En septembre dernier le TGI a décrété Rouillan coupable d’avoir « fait preuve d’empathie à l’égard des auteurs des attentats qui ont frappé le territoire français en janvier et en novembre 2015 ». C’est une phrase sur ceux qui « se sont battus courageusement dans les rues de Paris » qui motive le jugement. Cette citation, sortie de son contexte, d’abord reprise en boucle sur la blogosphère d’extrême droite puis par un tweet de l’AFP, a fait l’objet d’un emballement médiatique. Peu de confrères ont pris la peine de lire et d’entendre, dans le même entretien, d’autres mots de Jean-Marc Rouillan condamnant « les idées réactionnaires » de Daech : « c’était idiot de faire ça (…), c’est un mouvement basé sur le mortifère, le sacrifice. »

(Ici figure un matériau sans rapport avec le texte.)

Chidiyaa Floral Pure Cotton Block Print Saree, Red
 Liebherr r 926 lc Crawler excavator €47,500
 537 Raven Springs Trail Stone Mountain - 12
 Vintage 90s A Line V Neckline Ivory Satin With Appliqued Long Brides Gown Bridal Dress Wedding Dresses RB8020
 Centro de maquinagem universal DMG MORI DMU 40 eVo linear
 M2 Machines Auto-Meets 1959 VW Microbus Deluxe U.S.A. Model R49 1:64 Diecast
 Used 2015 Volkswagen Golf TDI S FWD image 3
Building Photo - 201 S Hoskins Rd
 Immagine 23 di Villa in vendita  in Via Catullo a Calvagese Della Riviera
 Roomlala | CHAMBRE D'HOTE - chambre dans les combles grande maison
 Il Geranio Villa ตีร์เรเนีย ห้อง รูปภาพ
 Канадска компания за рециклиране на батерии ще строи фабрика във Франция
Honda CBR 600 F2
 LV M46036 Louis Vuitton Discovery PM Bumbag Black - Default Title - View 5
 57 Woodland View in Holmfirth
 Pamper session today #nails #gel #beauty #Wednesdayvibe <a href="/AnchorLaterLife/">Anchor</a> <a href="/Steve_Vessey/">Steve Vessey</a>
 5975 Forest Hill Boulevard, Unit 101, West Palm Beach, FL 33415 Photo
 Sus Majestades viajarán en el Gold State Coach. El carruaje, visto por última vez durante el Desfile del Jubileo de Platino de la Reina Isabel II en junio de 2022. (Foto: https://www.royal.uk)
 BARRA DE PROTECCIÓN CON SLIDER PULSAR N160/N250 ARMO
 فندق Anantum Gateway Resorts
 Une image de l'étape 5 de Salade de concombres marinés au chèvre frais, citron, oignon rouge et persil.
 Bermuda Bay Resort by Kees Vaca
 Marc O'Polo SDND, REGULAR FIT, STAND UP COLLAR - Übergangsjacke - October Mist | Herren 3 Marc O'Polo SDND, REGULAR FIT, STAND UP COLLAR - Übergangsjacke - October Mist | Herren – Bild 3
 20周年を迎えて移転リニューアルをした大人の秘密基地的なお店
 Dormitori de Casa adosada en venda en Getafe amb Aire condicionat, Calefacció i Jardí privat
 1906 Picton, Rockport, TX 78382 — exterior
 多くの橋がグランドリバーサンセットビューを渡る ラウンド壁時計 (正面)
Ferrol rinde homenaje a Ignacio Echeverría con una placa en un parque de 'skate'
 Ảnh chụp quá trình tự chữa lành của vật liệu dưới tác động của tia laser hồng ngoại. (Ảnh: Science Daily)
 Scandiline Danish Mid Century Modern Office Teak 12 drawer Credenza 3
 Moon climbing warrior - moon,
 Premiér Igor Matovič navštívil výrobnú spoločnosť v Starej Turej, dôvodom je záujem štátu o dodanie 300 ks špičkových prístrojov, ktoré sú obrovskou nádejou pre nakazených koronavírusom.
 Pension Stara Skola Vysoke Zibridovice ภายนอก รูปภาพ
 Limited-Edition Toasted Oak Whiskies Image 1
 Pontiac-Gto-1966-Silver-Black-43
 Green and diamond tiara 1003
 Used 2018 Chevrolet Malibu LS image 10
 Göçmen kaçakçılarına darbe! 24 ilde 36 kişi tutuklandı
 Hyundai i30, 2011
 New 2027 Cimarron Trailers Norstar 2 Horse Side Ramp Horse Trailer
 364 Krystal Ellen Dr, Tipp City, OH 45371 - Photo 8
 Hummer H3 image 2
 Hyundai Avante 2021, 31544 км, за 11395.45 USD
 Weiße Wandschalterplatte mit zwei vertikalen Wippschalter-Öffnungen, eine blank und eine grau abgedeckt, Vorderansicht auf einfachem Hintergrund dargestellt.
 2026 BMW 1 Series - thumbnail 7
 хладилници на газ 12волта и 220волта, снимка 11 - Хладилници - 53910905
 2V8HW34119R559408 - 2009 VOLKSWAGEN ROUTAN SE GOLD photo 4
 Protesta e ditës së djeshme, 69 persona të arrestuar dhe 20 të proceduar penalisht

Au TGI de Paris, Jean-Marc Rouillan a assumé ses propos tout en reconnaissant que « détermination » aurait mieux convenu que « courageux » pour définir les auteurs des attentats qu’il refuse de qualifier de « révolutionnaires car le retour au grand califat c’est beaucoup plus d’oppression pour leurs frères que de libération ». Est-ce utile, quant à nous, de rappeler l’absence d’empathie de notre mensuel pour les intégristes islamistes ? Rien n’y a fait. Même si des recours sont encore possibles, alors qu’il a déjà passé un quart de siècle derrière les barreaux, Jean-Marc Rouillan pourrait donc y retourner. Avec lui, conformément à ce que la loi oblige, nous avions convenu de ne pas évoquer durant l’émission les faits pour lesquels il a été condamné. Comme lui, nous nous retrouvons piégés par l’interprétation extensive et abusive, selon le souhait du ministre de l’Intérieur, de ce qui relève de l’apologie du terrorisme. Disons-le clairement : ce jugement remet dangereusement en cause la liberté d’opinion.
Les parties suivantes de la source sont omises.